Welcome to read homilies for the Sundays of
the year. These are sample homilies which you can read with devotion. You may
use them in your own homilies without asking my permission. You may also change
or edit these to fit them to your audience. A unique quality of these homilies
is that they are Christ-filled. From beginning to end they present to us some
aspect of Jesus so that beholding his glory we “are being transformed from
glory to glory into his very image” (2 Corinthians 3:18 NAB).
Doubters Are Not Punished
We
all have come across persons who are doubters, people who doubt whether such
and such can be true or can be done. Our own parents were once doubters. They
doubted as they looked at us taking our first steps. They doubted whether we
could walk without falling down for several feet.
We
ourselves are doubters. We doubted whether we could pass our quizzes, our
exams, the assignments given us by our teachers. Some of us doubted whether we
would ever graduate given the obstacles that lay across our path before
graduation.
We
doubted whether our girlfriend or boyfriend would accept us. We doubted whether
we would marry the person we loved. Some of us doubted whether we would have
children after a childless marriage of some months or years.
There
were also famous doubters. One of these turned the whole world of philosophy
upside down. What was plain to most of us, namely that we exist, he doubted. He
even doubted that he existed. After some days of doubting whether he existed,
he concluded: I doubt, therefore I exist. Later he refined this to the famous
sentence, cogito, ergo sum, meaning, I think, therefore I am. His name is Rene
Descartes and his name is known by every engineer through the Cartesian
coordinates, the horizontal and vertical lines in a graph.
There
is only one person I know who never doubted. That person knows all things and
knows the exact capacity of each of us. He knows exactly what we can do and
expects us to do what we can do. And yet this person never looks down on
persons who doubt like us.
This
person who never doubts is the center of our Gospel reading today. Before
leaving physically planet Earth he instructed his disciples through certain
women that they were to go to a mountain in Galilee where they would see him.
So
the eleven disciples went to that mountain and there they saw Jesus. The second
sentence in our Gospel reading poses a problem. It says in the version we are
using for Mass which is the New American Bible Revised Edition or NABRE, When
they saw him, they worshiped, but they doubted.
The problem is that this sentence says the eleven disciples worshiped
Jesus but they also doubted. How could that happen, worshiping Jesus and yet
at the same time they also doubted? We would think that because they worshiped
Jesus they no longer had any doubt as to who was the one appearing before them.
This
sentence has been so problematic that there have been several different
translations of it. Most of the translations follow the Authorized Version
which says, “And when they saw him, they worshiped him, but some
doubted." In this translation it says that the eleven disciples did
worship Jesus but some of them doubted. The translators here avoided a
contradiction, worshiping and at the same time doubting.

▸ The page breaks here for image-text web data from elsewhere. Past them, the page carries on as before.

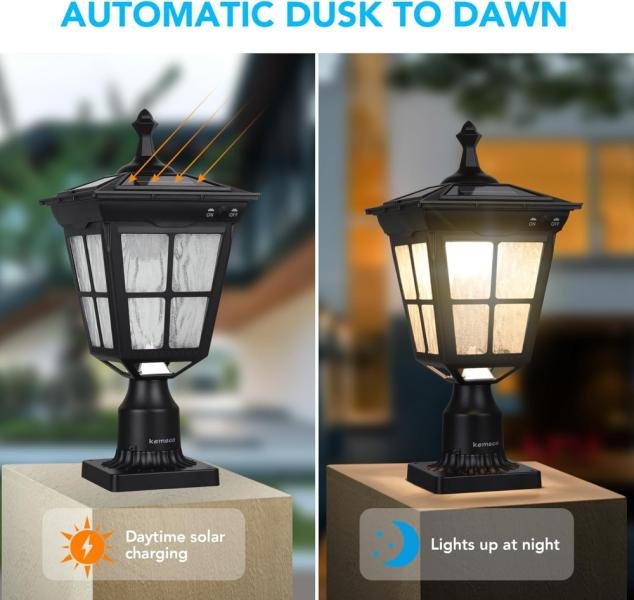 Kemeco ST4311AQ - Lámpara solar LED de aluminio fundido con base de ajuste de 3 pulgadas para montaje de poste de jardín al aire libre - Imagen 5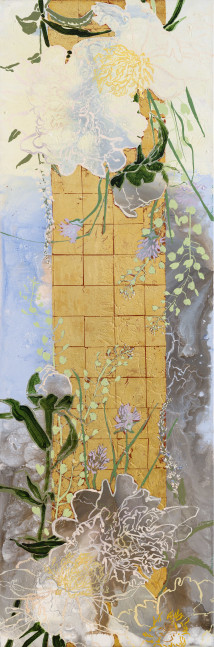 Robert Kushner Peony Horizon, 2002 Oil, acrylic, gold leaf, and glitter on canvas 72 x 24 inches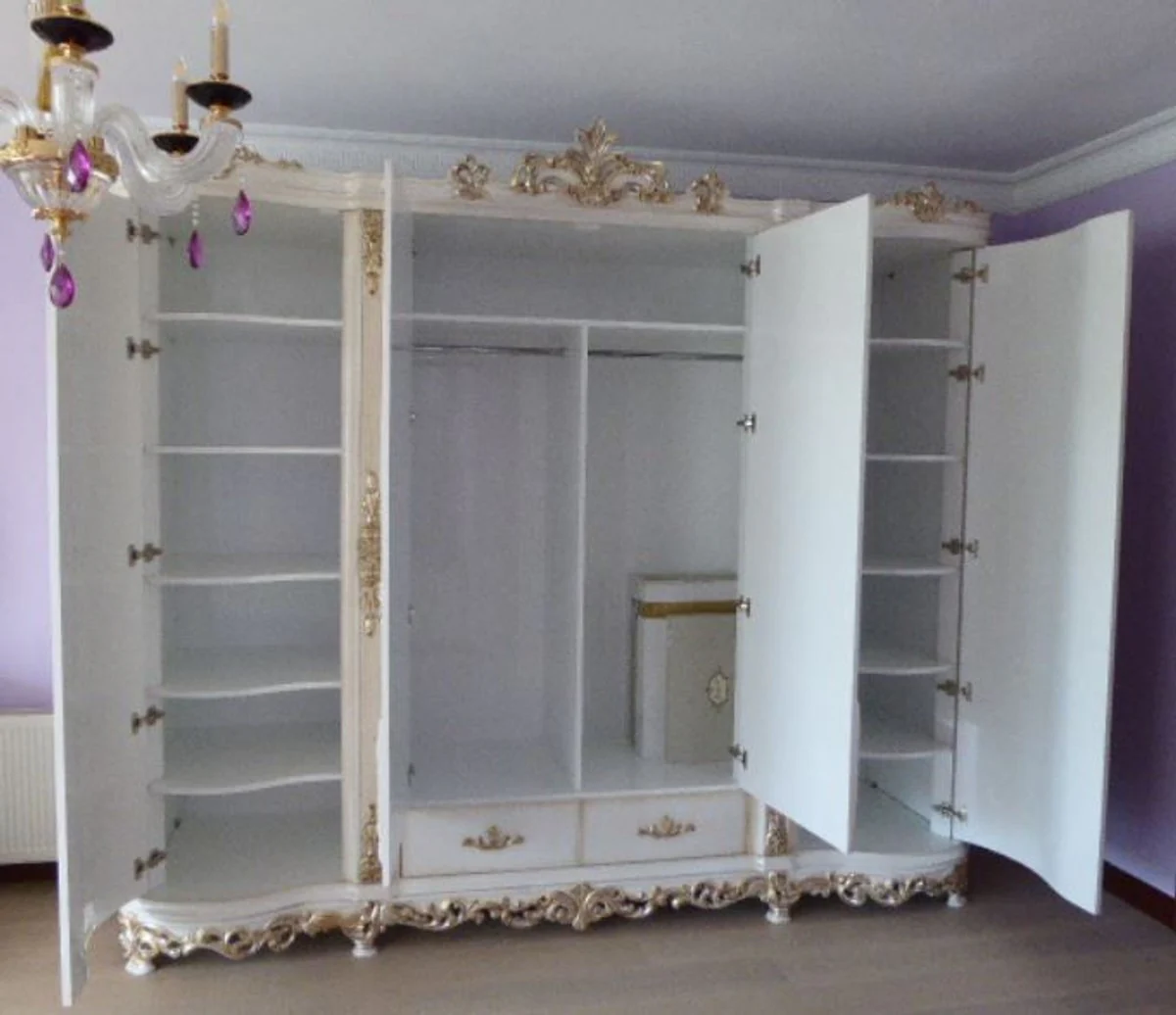 Luxury baroque bedroom wardrobe white / cream / silver / copper 320 x 70 x H. 250 cm - noble solid wood wardrobe - bedroom furniture in baroque style - luxury quality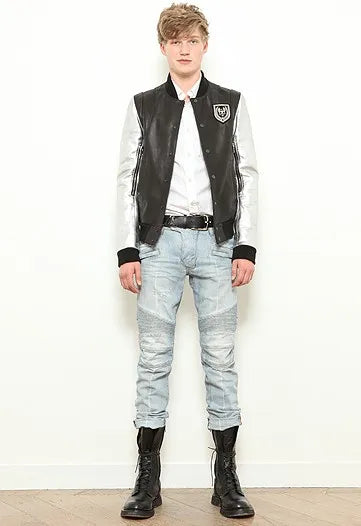 SS11 Balmain by Christophe Decarnin Eagle Coin Light Wash Biker Denim Jeans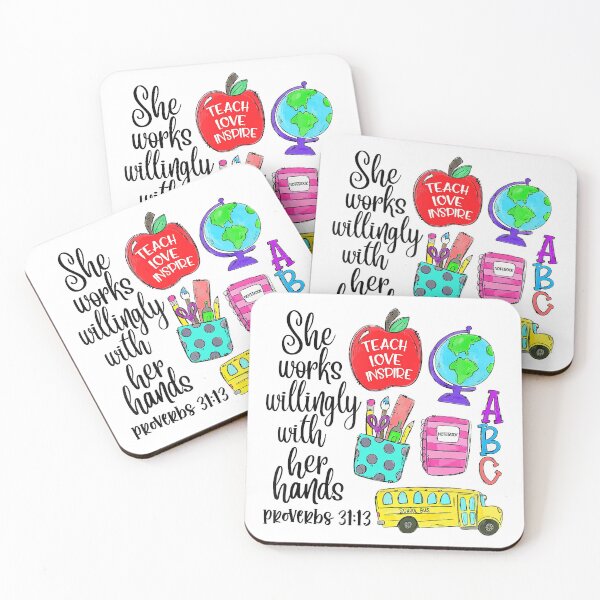 Item preview, She Works Willingly With Her Hands Proud Teacher Job Pride designed and sold by RussellRoss.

It was a
contradiction for these translators that the eleven disciples would worship
Jesus and at the same doubted. So they only wrote that some, that is, not all
who worshiped Jesus doubted. The problem with this translation is that there
is no equivalent of the word "some" in the original Greek. The
pronoun "they" is emphasized there, referring to the ones who
worshiped, that is, the eleven disciples.
Before
our translation was revised, that is, in the first edition of the New American
Bible, we have this translation: "At the sight of him, those who
entertained doubts fell down in homage". This translation also tries to
remove the contradiction. The doubt of the eleven was not simultaneous with
their worship but was prior to this act of homage. They had doubted before, but
now they worshiped Jesus. The problem with this translation is that the clause
which has the verb "doubt" follows, not precedes, the clause with the
word "worship" and the tense used in “doubt” is just the same as the
tense used in “worship”.
So,
our translation in our Mass reading is correct, “When they saw him, they
worshiped, but they doubted”, meaning, they worshiped Jesus but at the same
time they also doubted.
So
some commentators explain how this could be, the acts of worshiping and
doubting at the same time.
One
commentator explains this using the imagery in the poem of Robert Frost “The
Road Not Taken.” A "traveler comes to a fork in the road, and hesitates,
knowing that his choice will make all the difference, but not knowing which
fork would be the better choice.” This is a very good explanation because the
verb used here “distazo” means “twice” or “two ways.” or
hesitate. The commentator adds, "That is the experience of these eleven
disciples when they see Jesus. They want to believe—and they do
believe—but they are torn. Knowing that Jesus died, they
hesitate to believe their eyes when (they) see him alive again." (From Richard
Niell Donovan in SermonWriter)
Another
commentator interprets the simultaneous acts of worshiping and doubting this
way. In this case the desire and joy of the disciples made them doubt the truth
of what they saw. For them it was too good to be true. This was the source of
their doubt. They were happy to worship him but deep inside they were hesitant
to think that this was all really happening because of the joy they were
experiencing. (Benson)
Whatever
the interpretation is, the fact recorded by Matthew is that the eleven
disciples worshiped but doubted what was happening to them.
And
here is the wonder of the attitude of Jesus. He knew that the eleven disciples
were doubting, were hesitating to think that all that was happening was true,
and yet right there and then he gave them the greatest work on earth, a work
greater than that accomplished by the greatest conquerors, even Alexander the
Great or Julius Caesar or Napoleon Bonaparte, greater than that accomplished by
the greatest philosophers since the time of Socrates. Jesus gave these doubting
eleven the greatest work that even we cannot think of.
Listen
to what Jesus told them to do. "Go, therefore, and make disciples of all
nations, baptizing them in the name of the Father, and of the Son, and of the
Holy Spirit, teaching them to observe all that I have commanded you.”
They
were told by Jesus to make all nations his disciples. They were told to put all
these nations, baptize them, immerse them into the life and power and glory of
God the Father, God the Son and God the Holy Ghost. And they were to teach them
all that Jesus had commanded them, all the wisdom of the ages were to be passed
by them from Jesus to these nations.
But
that is the essence of Jesus' attitude to doubters. He does not condemn them.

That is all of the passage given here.